I can't agree strongly enough. Everybody should read _Capitalism: The Unknown
Ideal_. And go into it with an open mind, instead of planning to reject it
based on preconceived biases. A lot of people might be surprised at how they
feel about things at the end.

All of that said, I think Rand hurt herself in one crucial way w.r.t her
writing. And that is her somewhat nonstandard use of certain words, especially
"selfish" and "selfishness". For better or worse, her use of those words is a
bit different from the common, colloquial usage, and most people - in my
experience - don't bother to try and really dig in and parse out what she
meant.

I'm not even sure a word exists that, by itself, captures exactly what she
meant by "selfish" or "selfishness". Something like "self interest" or "inner
desire" or maybe "self reward" comes close, but those all feel kinda clumsy if
inserted into her works in place of "selfish" and its other forms.

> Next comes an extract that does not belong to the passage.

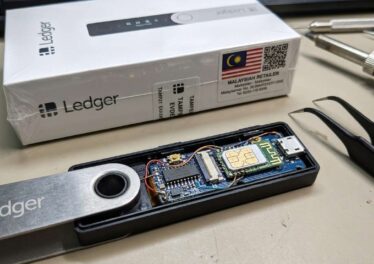 อดีต CEO ของ Mt. Gox พบโมดูลต้องสงสัยใน Ledger จากมาเลเซีย ซ่อนชิปสอดแนมแม้ซีลกล่องปิดสนิท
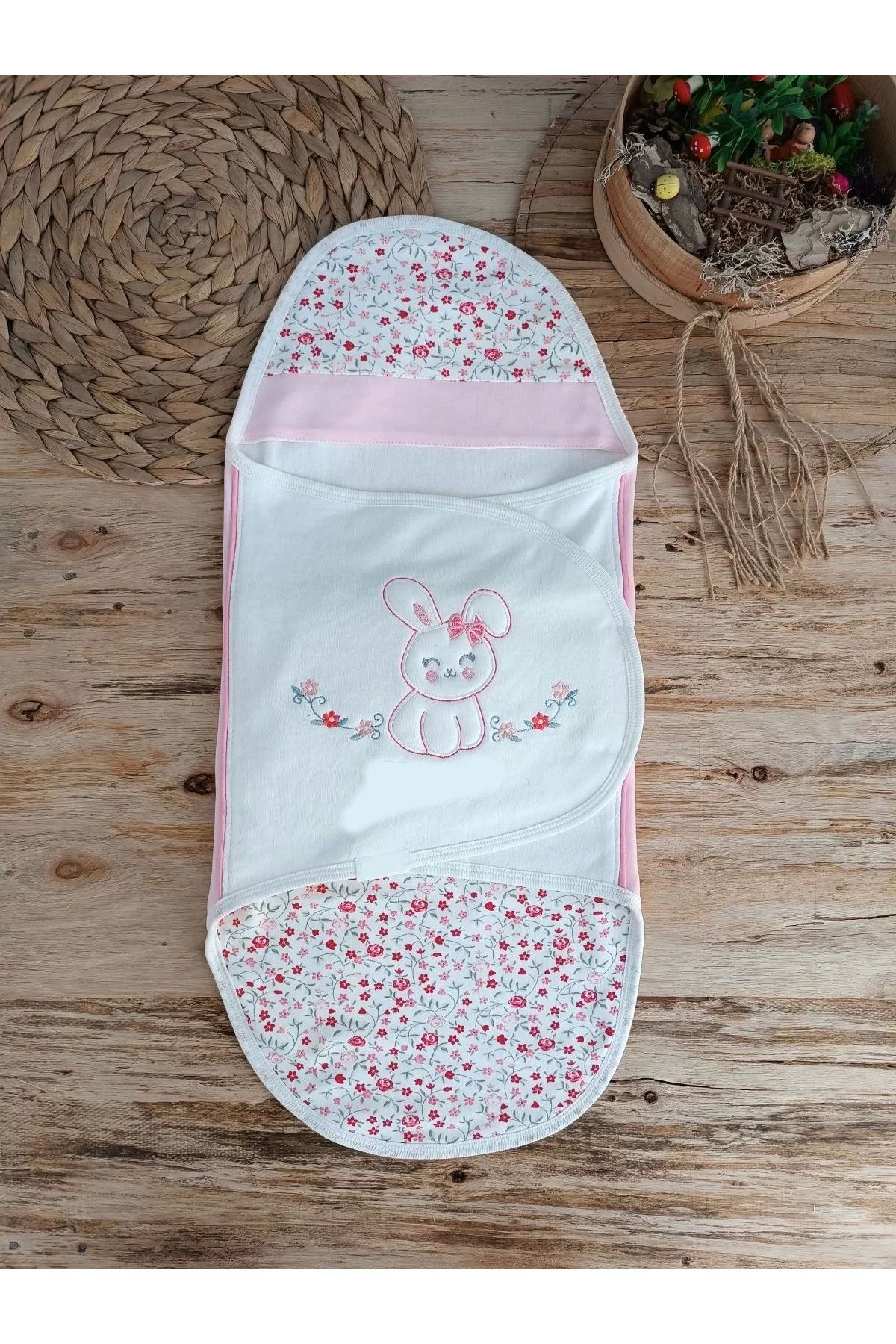Moda Şahsenem Yenidoğan İlkbaharın Tavşanı Nakışlı Çıt Çıt Kapamalı Bebek Kundak Ekru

 _Perhaps if more people read Rand (especially her nonfiction), we might not
be in this predicament._

Agreed. Sadly, even among people who have read Rand, too many just read _Atlas
Shrugged_ and formed their opinions there. And while I enjoyed AS and think it
has a lot of virtue, it's not a great novel in many ways, and as a non-native
English speaker, her writing in AS can feel a bit wooden and stilted at times.
I think _The Fountainhead_ is a bit better in this regard, in addition to
being shorter, and generally recommend it as a better intro to Rand's fiction,
for people who want to go down that path.